Designer Alexandra Kehayoglou ((before) creates exquisite pieces of flowing textiles that refer to the rugged landscapes of her native Argentina. In making each tapestry, Kehayoglou transforms excess carpet fabric into natural elements, ranging from a spectrum of earth-colored mosses to clusters of trees and serpentine rivers that cut through the heart of their fabrics. Fragments of the artist’s own memories are intertwined in each piece, including the slow receding of the waterways and the changes in the Argentine grasslands.
Her latest work, a series called Prayer rugs, show animal footprints and small vegetative features of the Parana wetlands 50 kilometers from Buenos Aires. In recent years, the region’s biodiversity has been decimated by the wood and paper industries, which has facilitated the growth of alien plant species that have since gotten out of hand. In addition, man-made fires wreaked havoc in 2020 while cattle trampled the once lush grasslands.

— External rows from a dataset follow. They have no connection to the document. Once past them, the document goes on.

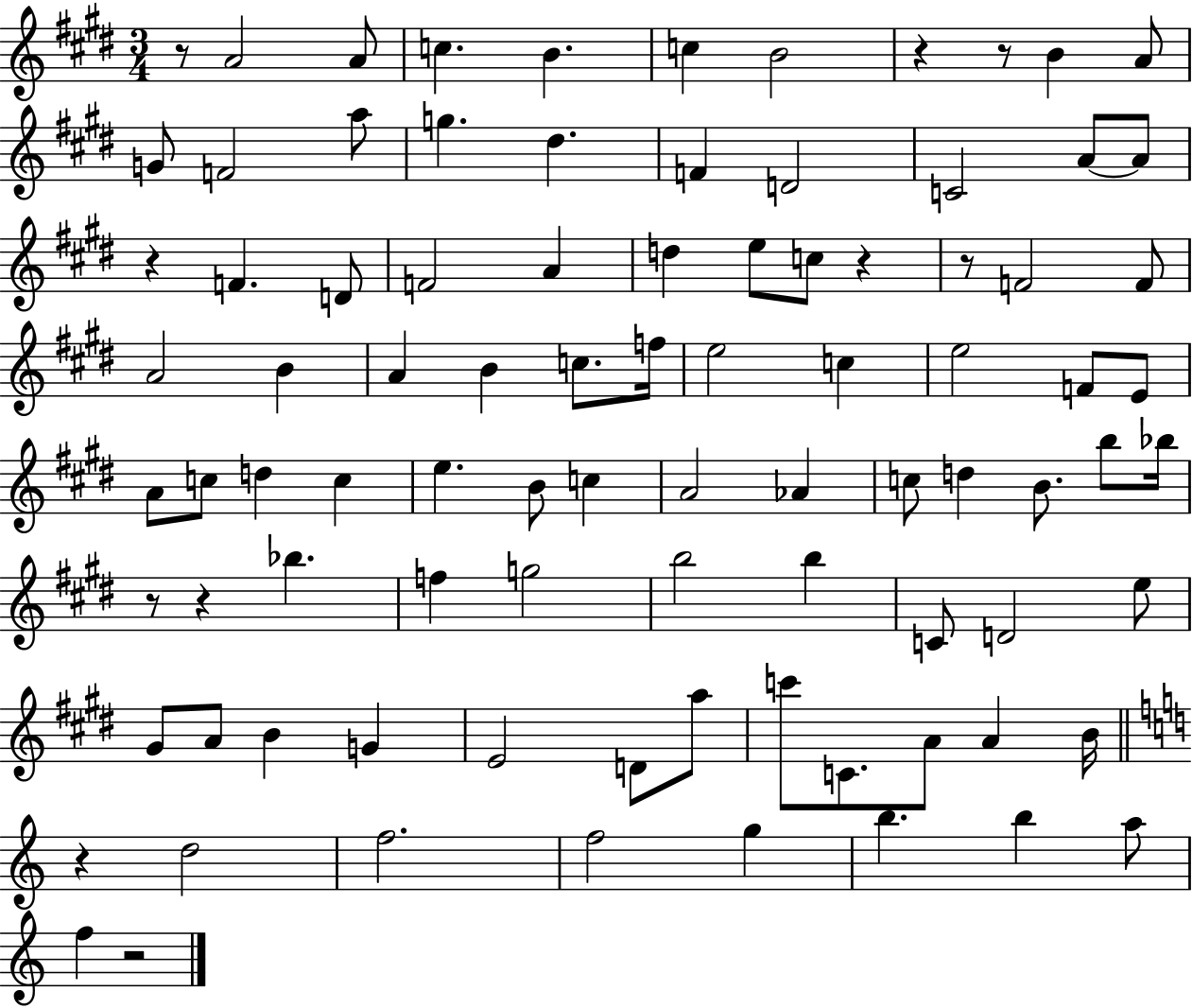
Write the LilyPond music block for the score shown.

{
  \clef treble
  \numericTimeSignature
  \time 3/4
  \key e \major
  r8 a'2 a'8 | c''4. b'4. | c''4 b'2 | r4 r8 b'4 a'8 | \break g'8 f'2 a''8 | g''4. dis''4. | f'4 d'2 | c'2 a'8~~ a'8 | \break r4 f'4. d'8 | f'2 a'4 | d''4 e''8 c''8 r4 | r8 f'2 f'8 | \break a'2 b'4 | a'4 b'4 c''8. f''16 | e''2 c''4 | e''2 f'8 e'8 | \break a'8 c''8 d''4 c''4 | e''4. b'8 c''4 | a'2 aes'4 | c''8 d''4 b'8. b''8 bes''16 | \break r8 r4 bes''4. | f''4 g''2 | b''2 b''4 | c'8 d'2 e''8 | \break gis'8 a'8 b'4 g'4 | e'2 d'8 a''8 | c'''8 c'8. a'8 a'4 b'16 | \bar "||" \break \key c \major r4 d''2 | f''2. | f''2 g''4 | b''4. b''4 a''8 | \break f''4 r2 | \bar "|."
}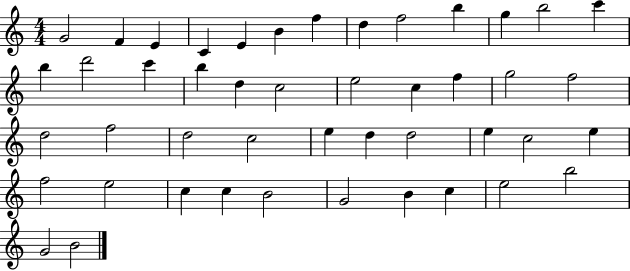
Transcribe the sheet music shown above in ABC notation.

X:1
T:Untitled
M:4/4
L:1/4
K:C
G2 F E C E B f d f2 b g b2 c' b d'2 c' b d c2 e2 c f g2 f2 d2 f2 d2 c2 e d d2 e c2 e f2 e2 c c B2 G2 B c e2 b2 G2 B2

Kehayoglou’s pieces document the foliage that has remained after years of widespread exploitation, and how the local fauna reappears over time: thistles grow through cracks in the dry earth, deer leave tracks spattered with mud, and chirping insects dance on juvenile leaves. The artworks tell of the change and growth of the wetland, reflect the pain caused by capitalism and transform the need for change into tapestries that point to the hope of the Argentines. Kehayoglou says:
The isolation made me see my carpets as spaces in which new forms of activism could be staged. A type of activism that, instead of focusing on paranoid conflict, was quiet, absorbent and, I believe, more effective. My carpets thus became instruments for documenting “small” aspects of the country that would otherwise be overlooked as irrelevant. A focus on his micro-narratives that would open new doors for possible ecological futures.